The electron-phonon interaction from fundamental local gauge symmetries in solids
C.A. Dartora, G.G. Cabrera

TL;DR
This paper develops a gauge theory framework for electron-phonon interactions in solids, linking elastic properties to local gauge symmetries and revealing new couplings relevant for spintronics.
Contribution
It introduces a gauge invariance-based approach to describe electron-phonon interactions and predicts novel couplings involving spin currents in solids.
Findings
Identification of elastic waves as gauge fields (phonons)

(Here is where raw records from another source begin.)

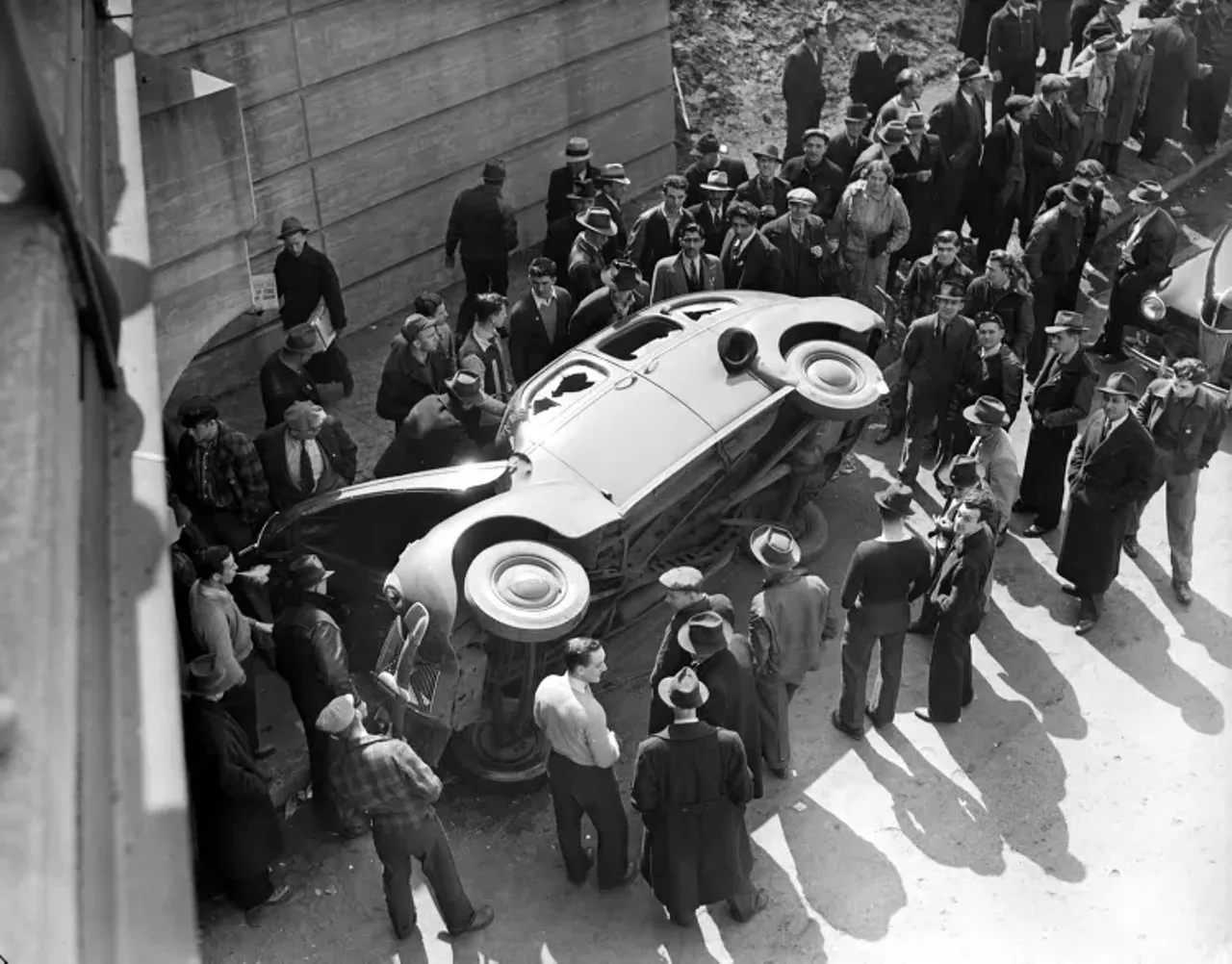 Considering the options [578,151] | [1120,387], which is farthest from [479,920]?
[578,151]

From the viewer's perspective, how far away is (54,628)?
2805 mm

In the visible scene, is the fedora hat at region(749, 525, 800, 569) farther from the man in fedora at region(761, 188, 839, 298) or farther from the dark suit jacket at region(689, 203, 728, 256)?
the dark suit jacket at region(689, 203, 728, 256)

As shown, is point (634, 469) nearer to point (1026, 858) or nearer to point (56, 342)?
point (1026, 858)

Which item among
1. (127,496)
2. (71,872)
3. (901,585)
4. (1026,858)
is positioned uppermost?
(71,872)

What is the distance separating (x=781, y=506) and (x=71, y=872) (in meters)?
7.37

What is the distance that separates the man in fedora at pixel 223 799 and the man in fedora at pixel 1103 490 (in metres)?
5.15

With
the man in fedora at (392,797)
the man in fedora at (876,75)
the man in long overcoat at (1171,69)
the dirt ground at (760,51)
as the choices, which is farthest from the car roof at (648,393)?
the man in long overcoat at (1171,69)

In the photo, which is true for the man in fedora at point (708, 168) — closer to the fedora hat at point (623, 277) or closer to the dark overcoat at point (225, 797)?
the fedora hat at point (623, 277)

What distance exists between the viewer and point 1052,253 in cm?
1145

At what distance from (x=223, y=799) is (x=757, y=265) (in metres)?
5.83

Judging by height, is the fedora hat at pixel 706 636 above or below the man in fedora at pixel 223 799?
above

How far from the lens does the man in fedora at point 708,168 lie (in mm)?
12164

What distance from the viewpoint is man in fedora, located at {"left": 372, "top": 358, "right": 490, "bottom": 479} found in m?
8.93

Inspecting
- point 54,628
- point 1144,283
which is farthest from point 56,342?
point 1144,283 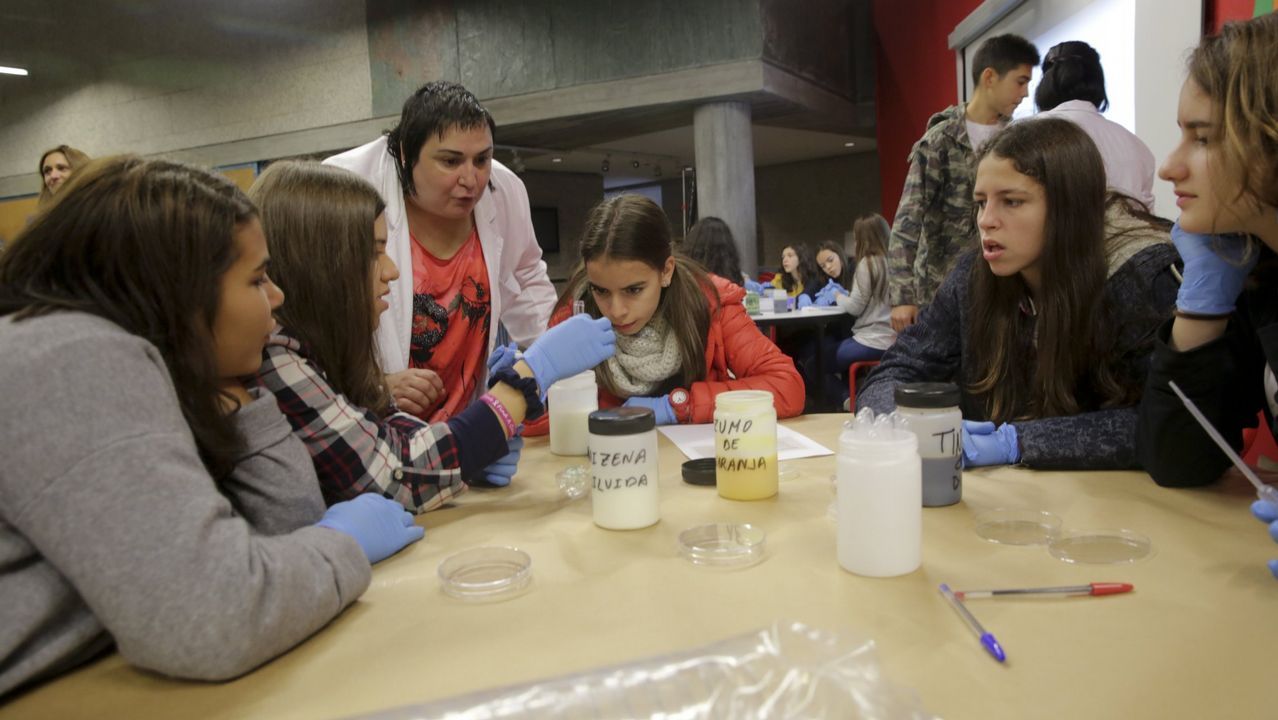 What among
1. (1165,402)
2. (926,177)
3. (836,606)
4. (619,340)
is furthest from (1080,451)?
(926,177)

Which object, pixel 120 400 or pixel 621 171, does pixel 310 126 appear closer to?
pixel 621 171

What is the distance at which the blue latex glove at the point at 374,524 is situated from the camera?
94 cm

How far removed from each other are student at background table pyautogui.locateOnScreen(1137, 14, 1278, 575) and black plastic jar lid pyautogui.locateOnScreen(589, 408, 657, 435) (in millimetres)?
733

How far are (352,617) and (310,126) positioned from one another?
316 inches

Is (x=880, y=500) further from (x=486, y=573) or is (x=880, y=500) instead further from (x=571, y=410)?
(x=571, y=410)

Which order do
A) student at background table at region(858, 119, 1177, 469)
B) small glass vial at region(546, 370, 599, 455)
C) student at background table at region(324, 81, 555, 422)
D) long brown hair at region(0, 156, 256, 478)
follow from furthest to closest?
student at background table at region(324, 81, 555, 422), small glass vial at region(546, 370, 599, 455), student at background table at region(858, 119, 1177, 469), long brown hair at region(0, 156, 256, 478)

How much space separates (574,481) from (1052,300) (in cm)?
90

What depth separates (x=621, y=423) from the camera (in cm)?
100

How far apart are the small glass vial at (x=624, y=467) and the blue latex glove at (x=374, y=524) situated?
0.81 ft

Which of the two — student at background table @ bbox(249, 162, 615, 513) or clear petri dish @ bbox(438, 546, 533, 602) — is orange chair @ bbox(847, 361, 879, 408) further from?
clear petri dish @ bbox(438, 546, 533, 602)

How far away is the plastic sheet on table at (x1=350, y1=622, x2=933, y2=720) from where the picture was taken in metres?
0.58

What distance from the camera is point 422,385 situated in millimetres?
1594

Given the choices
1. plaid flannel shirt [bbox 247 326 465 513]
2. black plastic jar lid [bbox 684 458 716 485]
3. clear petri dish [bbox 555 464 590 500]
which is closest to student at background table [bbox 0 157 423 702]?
plaid flannel shirt [bbox 247 326 465 513]

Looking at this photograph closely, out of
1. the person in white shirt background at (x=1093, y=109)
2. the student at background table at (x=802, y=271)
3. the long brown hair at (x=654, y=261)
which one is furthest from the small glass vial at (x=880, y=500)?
the student at background table at (x=802, y=271) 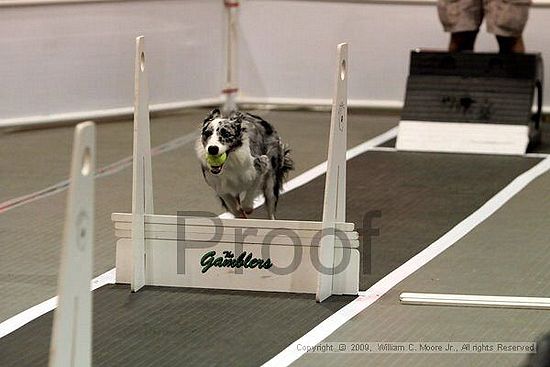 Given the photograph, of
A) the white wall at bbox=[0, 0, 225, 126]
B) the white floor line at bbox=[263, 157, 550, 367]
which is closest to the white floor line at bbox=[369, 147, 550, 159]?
the white floor line at bbox=[263, 157, 550, 367]

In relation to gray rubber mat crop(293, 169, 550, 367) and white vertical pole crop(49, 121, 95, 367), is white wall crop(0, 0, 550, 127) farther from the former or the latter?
white vertical pole crop(49, 121, 95, 367)

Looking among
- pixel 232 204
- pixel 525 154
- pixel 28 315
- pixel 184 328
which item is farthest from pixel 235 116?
pixel 525 154

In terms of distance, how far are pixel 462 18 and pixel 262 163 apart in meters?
3.53

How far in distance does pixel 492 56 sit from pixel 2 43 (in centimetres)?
330

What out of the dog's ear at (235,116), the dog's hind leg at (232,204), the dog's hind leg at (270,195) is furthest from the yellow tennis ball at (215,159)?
the dog's hind leg at (270,195)

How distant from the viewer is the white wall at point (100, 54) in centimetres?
868

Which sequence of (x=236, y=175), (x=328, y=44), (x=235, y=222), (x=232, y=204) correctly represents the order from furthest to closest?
1. (x=328, y=44)
2. (x=232, y=204)
3. (x=236, y=175)
4. (x=235, y=222)

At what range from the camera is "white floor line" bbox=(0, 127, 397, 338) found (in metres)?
4.64

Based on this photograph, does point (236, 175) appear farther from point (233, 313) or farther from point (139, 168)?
point (233, 313)

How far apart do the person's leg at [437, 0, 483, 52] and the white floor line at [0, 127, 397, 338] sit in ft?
2.71

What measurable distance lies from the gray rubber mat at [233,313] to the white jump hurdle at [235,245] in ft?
0.22

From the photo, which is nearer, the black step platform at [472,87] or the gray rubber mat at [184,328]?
the gray rubber mat at [184,328]

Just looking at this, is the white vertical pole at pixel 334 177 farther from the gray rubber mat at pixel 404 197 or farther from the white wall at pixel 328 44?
the white wall at pixel 328 44

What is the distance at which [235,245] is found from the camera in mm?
5000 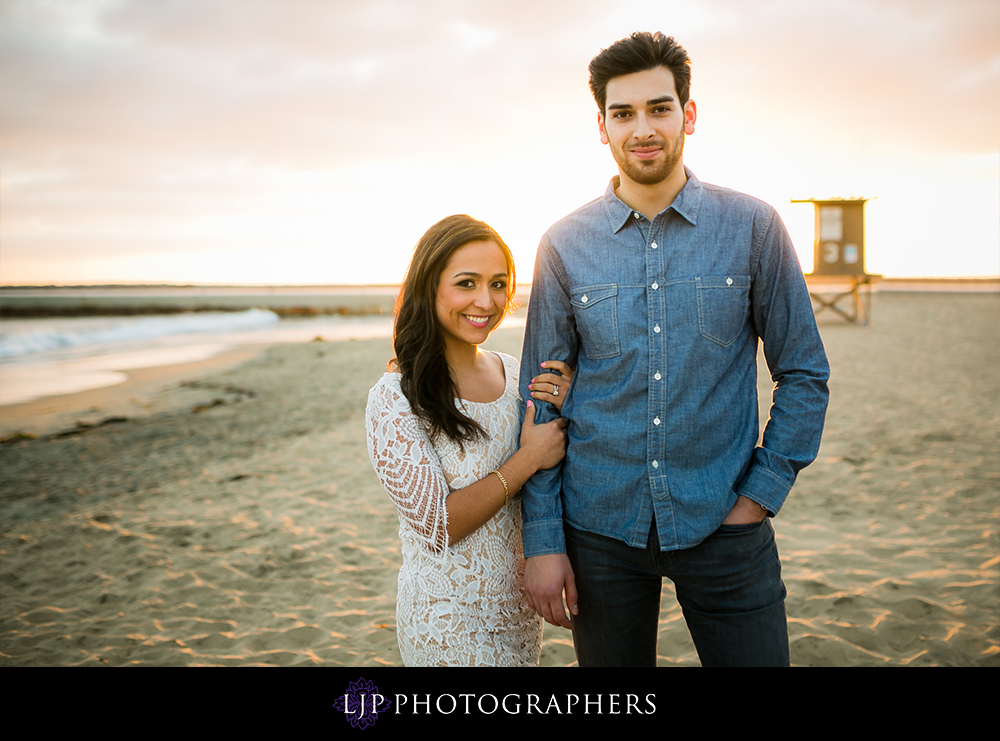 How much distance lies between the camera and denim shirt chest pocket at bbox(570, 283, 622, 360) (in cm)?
199

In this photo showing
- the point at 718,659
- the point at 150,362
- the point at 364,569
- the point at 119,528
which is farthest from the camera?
the point at 150,362

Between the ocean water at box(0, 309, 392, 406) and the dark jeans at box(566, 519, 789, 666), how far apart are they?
12.7m

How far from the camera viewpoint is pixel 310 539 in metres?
5.30

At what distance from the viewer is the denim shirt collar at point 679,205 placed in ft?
6.45

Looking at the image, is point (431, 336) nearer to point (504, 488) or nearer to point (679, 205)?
point (504, 488)

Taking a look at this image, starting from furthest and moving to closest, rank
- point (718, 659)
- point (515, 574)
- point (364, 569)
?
point (364, 569)
point (515, 574)
point (718, 659)

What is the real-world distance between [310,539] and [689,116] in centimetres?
454

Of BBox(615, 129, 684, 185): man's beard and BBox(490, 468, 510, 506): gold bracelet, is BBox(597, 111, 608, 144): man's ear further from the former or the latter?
BBox(490, 468, 510, 506): gold bracelet

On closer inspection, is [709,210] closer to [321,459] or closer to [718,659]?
[718,659]

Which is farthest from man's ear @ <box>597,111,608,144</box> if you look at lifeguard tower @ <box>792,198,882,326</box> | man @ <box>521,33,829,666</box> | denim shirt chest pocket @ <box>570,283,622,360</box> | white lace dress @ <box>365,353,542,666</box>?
lifeguard tower @ <box>792,198,882,326</box>

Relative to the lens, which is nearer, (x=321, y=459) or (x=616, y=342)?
(x=616, y=342) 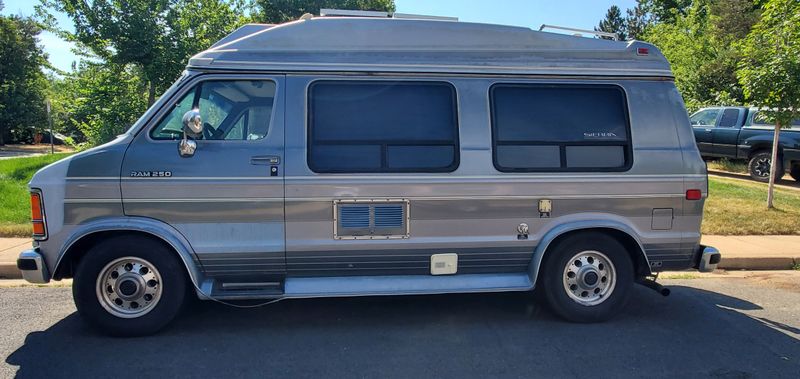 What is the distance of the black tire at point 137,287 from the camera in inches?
171

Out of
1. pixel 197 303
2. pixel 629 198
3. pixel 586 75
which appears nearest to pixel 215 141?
pixel 197 303

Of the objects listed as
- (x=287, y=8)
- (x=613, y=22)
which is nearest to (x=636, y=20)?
(x=613, y=22)

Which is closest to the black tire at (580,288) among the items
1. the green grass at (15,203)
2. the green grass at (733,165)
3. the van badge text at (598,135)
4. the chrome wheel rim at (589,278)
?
the chrome wheel rim at (589,278)

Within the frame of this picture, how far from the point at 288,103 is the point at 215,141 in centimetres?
67

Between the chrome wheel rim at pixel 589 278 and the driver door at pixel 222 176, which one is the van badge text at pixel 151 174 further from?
the chrome wheel rim at pixel 589 278

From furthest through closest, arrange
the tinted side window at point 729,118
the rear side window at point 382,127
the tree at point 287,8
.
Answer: the tree at point 287,8 → the tinted side window at point 729,118 → the rear side window at point 382,127

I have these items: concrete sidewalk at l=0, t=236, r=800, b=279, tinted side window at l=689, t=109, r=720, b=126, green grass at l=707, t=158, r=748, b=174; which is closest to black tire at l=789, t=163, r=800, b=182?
green grass at l=707, t=158, r=748, b=174

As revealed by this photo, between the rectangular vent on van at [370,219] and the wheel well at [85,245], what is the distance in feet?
4.57

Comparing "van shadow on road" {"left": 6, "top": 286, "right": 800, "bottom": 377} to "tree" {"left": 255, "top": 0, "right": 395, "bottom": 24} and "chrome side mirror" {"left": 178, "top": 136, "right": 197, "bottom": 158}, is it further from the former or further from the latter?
"tree" {"left": 255, "top": 0, "right": 395, "bottom": 24}

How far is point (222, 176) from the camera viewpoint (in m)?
4.37

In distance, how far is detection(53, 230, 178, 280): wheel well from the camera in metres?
4.36

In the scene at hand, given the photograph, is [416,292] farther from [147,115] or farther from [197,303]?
[147,115]

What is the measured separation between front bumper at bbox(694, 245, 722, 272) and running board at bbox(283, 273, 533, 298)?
62.8 inches

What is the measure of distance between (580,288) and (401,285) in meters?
1.63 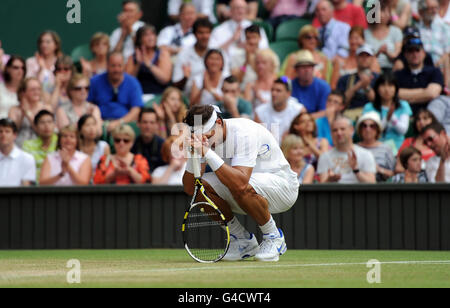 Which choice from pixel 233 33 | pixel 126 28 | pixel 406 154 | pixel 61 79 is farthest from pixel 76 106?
pixel 406 154

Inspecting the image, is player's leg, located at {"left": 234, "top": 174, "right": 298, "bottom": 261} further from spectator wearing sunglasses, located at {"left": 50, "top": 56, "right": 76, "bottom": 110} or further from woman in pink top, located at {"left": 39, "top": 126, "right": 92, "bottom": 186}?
spectator wearing sunglasses, located at {"left": 50, "top": 56, "right": 76, "bottom": 110}

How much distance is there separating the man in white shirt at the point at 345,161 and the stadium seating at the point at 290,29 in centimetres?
266

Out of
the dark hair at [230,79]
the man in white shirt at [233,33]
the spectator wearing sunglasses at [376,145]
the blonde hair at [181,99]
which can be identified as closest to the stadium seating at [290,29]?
the man in white shirt at [233,33]

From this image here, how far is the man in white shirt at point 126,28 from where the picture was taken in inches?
547

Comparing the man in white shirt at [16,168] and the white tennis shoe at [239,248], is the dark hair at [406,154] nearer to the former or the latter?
the white tennis shoe at [239,248]

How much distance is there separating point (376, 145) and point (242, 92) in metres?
2.38

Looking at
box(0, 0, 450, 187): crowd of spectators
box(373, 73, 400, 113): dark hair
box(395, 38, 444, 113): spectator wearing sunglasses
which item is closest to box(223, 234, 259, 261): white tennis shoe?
box(0, 0, 450, 187): crowd of spectators

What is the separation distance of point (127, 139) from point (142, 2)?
365cm

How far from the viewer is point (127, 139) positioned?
38.4ft

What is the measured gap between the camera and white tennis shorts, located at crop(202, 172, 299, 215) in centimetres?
779

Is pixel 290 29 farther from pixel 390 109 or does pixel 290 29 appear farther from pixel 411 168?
pixel 411 168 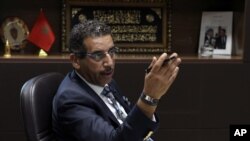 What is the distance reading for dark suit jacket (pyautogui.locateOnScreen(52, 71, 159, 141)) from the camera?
133 cm

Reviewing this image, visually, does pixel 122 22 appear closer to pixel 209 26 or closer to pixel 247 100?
pixel 209 26

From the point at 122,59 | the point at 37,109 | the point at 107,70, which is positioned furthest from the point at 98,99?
the point at 122,59

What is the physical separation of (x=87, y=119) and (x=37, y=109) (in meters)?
0.25

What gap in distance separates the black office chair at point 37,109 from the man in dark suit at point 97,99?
39mm

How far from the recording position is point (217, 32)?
9.85 ft

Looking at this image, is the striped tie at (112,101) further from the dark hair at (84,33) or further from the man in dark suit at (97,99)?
the dark hair at (84,33)

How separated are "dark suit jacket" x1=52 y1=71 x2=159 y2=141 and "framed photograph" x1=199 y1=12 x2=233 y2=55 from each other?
5.10 ft

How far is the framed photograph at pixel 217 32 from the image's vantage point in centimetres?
295

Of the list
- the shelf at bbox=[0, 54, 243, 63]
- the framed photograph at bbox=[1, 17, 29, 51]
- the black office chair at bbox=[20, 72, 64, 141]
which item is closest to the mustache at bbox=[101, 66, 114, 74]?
the black office chair at bbox=[20, 72, 64, 141]

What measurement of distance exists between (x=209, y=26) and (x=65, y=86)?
168 centimetres

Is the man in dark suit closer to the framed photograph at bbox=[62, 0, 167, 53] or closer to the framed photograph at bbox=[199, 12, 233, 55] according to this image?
the framed photograph at bbox=[62, 0, 167, 53]

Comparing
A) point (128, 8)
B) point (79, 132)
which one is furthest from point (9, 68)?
point (79, 132)

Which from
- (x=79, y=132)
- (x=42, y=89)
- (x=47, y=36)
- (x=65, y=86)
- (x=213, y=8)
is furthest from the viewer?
(x=213, y=8)

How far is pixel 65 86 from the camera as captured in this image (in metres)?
1.58
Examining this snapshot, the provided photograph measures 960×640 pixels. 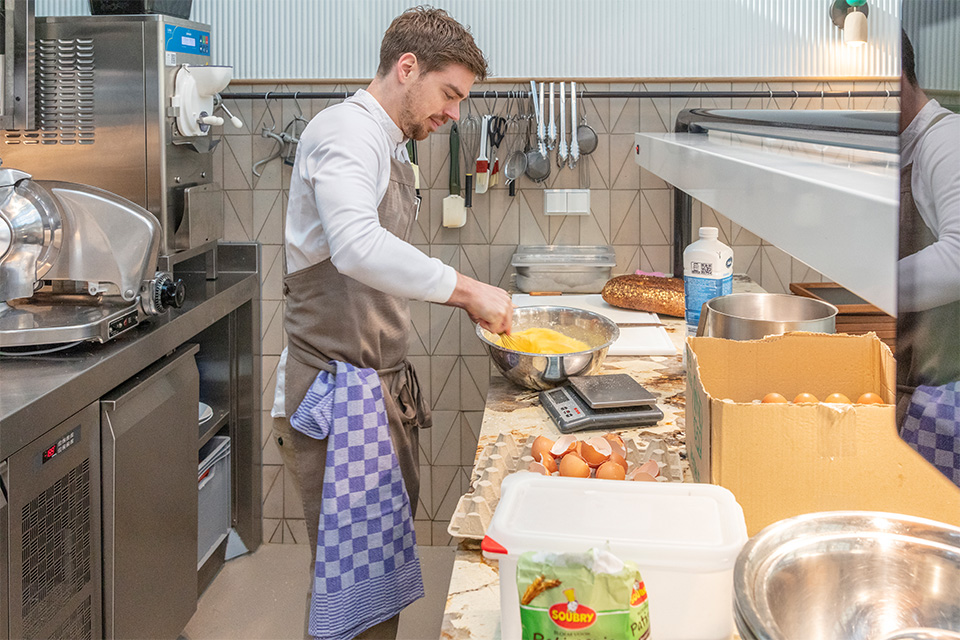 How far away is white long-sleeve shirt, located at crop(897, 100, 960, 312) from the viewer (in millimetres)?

Standard electron-phonon interaction derived from gauge invariance
Emergence of new strain-spin current couplings with spin-orbit effects
Abstract
The elastic properties of solids are described in close analogy with General Relativity, by locally gauging the translational group of space-time. Electron interactions with the crystal lattice are thus generated by enforcing full gauge invariance, with the introduction of a gauge field. Elementary excitations are associated with the local gauge, contrasting to the usual interpretation as being Goldstone bosons emerging from global symmetry breaking. In the linear limit of the theory, the gauge field displays elastic waves, that we identify with acoustic phonons, when the field is quantized. Coupling with the electronic part of the system yields the standard electron-phonon interaction. If spin-orbit effects are included, unusual couplings emerge between the strain field and the electronic spin current, leading to novel physics that may be relevant for spintronic applications.